ABOUT THIS EXERCISE = For this exercise, copy exactly the lines below from the one with "2009款 三厢 1.5L AMT 旗舰型" through the one with "Компартия Китая неожиданно" and leave out the pictures.

SUPPLIED RECORDS =
════════
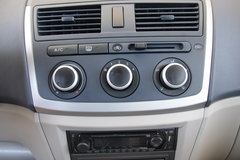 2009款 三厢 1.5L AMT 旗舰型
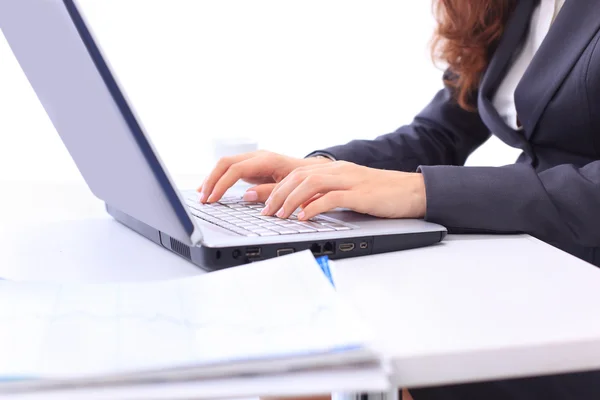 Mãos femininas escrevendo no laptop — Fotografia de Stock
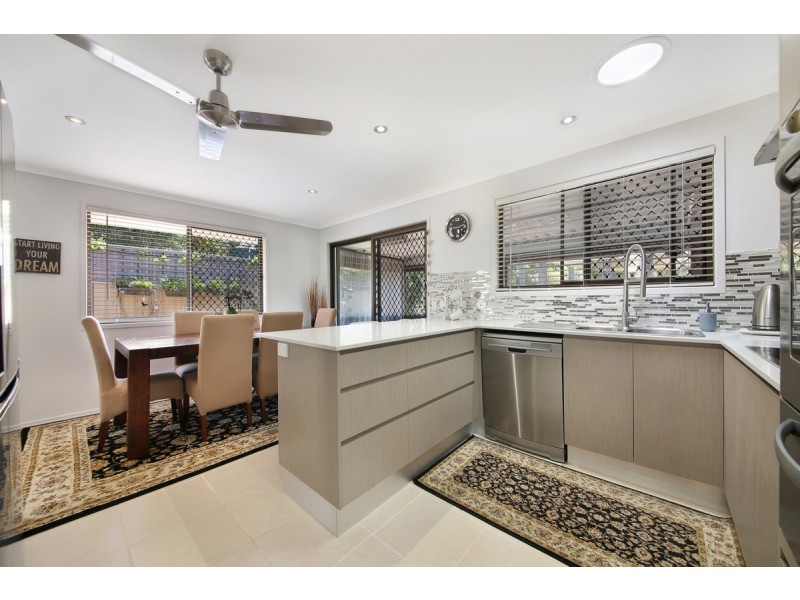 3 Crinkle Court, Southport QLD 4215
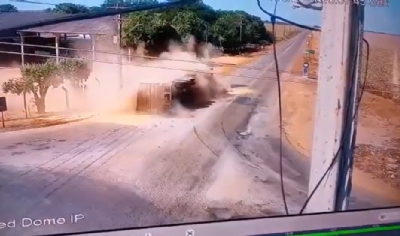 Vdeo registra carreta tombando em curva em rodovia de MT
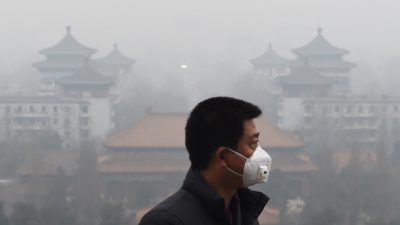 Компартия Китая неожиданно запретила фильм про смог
════════
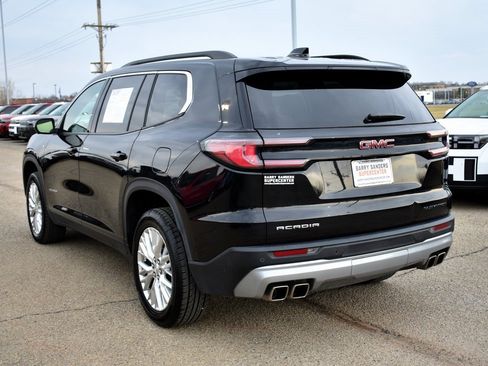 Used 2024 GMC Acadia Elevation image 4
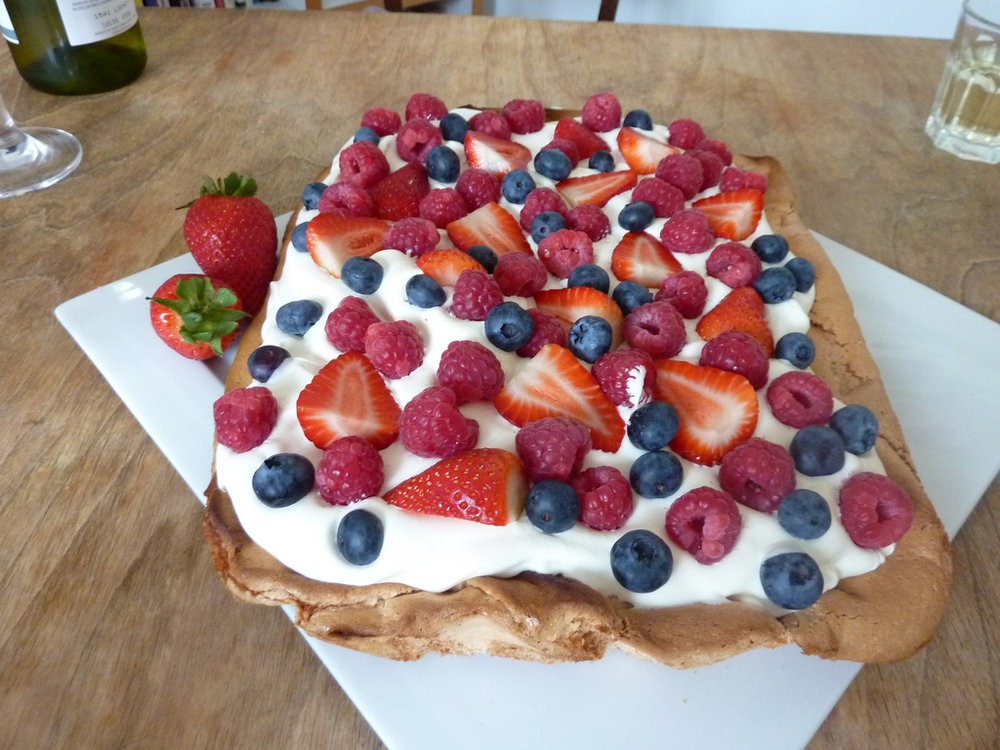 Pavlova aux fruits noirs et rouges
════════
RESPONSE AREA =
 2009款 三厢 1.5L AMT 旗舰型
 Mãos femininas escrevendo no laptop — Fotografia de Stock
 3 Crinkle Court, Southport QLD 4215
 Vdeo registra carreta tombando em curva em rodovia de MT
 Компартия Китая неожиданно запретила фильм про смог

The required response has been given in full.